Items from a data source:
--

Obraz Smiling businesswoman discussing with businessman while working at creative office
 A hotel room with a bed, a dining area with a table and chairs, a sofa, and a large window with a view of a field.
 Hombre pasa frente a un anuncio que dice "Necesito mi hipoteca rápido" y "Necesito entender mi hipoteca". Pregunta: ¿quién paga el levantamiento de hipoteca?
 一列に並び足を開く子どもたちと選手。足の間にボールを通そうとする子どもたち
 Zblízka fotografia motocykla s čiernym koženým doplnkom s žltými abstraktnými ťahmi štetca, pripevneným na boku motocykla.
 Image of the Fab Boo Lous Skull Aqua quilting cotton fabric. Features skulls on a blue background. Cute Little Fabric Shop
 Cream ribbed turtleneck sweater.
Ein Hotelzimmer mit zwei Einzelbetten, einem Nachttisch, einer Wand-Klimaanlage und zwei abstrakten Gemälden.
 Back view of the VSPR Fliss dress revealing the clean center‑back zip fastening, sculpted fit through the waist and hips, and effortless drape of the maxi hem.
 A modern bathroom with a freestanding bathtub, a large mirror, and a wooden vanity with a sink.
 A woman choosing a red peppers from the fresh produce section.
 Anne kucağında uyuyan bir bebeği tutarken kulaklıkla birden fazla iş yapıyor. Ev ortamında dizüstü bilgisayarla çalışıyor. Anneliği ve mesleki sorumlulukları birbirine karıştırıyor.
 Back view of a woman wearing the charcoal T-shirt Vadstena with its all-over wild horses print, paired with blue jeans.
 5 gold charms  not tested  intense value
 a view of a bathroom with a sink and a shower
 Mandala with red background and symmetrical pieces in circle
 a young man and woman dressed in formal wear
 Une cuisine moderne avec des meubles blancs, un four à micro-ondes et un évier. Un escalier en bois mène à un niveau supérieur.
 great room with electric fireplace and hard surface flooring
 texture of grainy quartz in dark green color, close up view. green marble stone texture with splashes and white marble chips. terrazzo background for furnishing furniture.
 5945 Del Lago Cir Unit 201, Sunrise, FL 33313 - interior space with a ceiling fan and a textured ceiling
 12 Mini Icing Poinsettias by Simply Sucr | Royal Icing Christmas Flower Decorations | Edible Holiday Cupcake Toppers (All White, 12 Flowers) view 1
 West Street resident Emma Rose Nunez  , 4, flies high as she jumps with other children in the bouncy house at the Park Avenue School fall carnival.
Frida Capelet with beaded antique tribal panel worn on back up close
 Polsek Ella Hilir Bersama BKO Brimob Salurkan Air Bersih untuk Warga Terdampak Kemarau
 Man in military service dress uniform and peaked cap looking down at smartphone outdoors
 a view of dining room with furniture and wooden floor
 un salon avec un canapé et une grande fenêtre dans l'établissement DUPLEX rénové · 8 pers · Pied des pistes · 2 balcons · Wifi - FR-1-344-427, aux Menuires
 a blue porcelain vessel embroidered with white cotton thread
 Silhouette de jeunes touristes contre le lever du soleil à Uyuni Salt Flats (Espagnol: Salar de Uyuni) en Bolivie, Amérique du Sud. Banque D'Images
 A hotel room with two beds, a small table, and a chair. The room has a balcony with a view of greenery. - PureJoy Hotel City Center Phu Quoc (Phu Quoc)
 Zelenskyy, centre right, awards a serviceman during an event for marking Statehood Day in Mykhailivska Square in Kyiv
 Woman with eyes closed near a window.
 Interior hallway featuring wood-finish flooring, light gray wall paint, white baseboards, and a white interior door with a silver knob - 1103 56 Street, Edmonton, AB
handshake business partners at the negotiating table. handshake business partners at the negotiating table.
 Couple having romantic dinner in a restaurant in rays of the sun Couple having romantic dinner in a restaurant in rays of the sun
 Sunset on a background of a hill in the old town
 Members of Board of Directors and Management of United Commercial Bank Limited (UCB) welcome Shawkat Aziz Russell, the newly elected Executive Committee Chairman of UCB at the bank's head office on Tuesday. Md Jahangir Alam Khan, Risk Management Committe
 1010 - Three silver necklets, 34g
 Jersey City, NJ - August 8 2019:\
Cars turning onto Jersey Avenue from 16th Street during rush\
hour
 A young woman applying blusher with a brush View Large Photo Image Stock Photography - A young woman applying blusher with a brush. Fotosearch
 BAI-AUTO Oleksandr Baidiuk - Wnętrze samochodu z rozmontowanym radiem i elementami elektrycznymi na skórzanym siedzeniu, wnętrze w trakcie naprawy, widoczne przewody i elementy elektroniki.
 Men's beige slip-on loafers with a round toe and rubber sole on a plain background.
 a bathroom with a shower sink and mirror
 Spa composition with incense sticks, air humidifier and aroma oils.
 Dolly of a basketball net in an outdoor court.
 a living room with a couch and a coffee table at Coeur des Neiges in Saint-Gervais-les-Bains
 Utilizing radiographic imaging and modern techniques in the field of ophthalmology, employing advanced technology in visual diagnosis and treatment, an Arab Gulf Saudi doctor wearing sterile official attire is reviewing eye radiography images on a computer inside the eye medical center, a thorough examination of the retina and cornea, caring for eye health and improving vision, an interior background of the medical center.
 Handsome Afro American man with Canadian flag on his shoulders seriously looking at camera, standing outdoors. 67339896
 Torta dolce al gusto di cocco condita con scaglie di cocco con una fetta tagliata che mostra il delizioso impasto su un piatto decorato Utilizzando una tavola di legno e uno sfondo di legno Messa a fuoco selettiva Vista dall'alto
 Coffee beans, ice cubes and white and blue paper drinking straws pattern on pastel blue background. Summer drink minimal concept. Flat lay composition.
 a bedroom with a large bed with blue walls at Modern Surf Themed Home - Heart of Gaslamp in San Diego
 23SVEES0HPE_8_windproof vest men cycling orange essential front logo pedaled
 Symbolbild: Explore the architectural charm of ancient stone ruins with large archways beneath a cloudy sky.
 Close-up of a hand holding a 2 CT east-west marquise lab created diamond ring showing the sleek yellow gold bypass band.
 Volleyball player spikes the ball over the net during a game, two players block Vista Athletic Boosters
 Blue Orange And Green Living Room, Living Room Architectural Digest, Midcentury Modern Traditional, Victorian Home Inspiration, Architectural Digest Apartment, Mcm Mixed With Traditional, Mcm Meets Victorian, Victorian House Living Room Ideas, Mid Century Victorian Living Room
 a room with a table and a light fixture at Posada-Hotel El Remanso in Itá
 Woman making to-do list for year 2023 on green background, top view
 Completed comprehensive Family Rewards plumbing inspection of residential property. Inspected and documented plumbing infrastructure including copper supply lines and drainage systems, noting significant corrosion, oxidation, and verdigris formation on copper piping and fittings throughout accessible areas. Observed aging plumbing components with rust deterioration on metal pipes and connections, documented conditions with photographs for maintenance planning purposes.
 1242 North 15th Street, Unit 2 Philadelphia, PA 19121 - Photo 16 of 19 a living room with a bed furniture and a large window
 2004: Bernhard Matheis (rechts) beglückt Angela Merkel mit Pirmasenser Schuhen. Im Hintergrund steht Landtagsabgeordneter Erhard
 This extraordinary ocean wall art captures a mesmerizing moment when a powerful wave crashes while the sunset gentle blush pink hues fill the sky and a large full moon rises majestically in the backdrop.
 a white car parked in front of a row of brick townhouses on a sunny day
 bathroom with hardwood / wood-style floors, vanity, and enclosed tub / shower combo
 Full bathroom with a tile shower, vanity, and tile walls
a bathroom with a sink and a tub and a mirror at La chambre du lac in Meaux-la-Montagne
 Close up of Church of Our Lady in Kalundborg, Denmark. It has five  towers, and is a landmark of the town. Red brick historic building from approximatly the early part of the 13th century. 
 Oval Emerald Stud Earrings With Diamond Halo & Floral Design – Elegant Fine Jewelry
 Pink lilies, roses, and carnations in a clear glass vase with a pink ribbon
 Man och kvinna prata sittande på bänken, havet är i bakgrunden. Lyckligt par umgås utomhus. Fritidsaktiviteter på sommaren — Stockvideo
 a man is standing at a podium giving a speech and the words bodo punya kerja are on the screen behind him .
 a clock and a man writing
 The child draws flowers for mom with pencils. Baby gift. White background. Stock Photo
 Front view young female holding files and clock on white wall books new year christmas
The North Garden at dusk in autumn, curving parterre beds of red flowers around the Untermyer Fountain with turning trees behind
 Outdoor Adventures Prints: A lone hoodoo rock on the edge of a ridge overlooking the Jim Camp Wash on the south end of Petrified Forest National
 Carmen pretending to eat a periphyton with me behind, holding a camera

--

WHAT YOU ARE ASKED TO DO: Looking at the records above, return exactly the lines from the line with "a bedroom with" to the line with "Close-up of a", both ends included.

SOLVED EXERCISE:
 a bedroom with a large bed with blue walls at Modern Surf Themed Home - Heart of Gaslamp in San Diego
 23SVEES0HPE_8_windproof vest men cycling orange essential front logo pedaled
 Symbolbild: Explore the architectural charm of ancient stone ruins with large archways beneath a cloudy sky.
 Close-up of a hand holding a 2 CT east-west marquise lab created diamond ring showing the sleek yellow gold bypass band.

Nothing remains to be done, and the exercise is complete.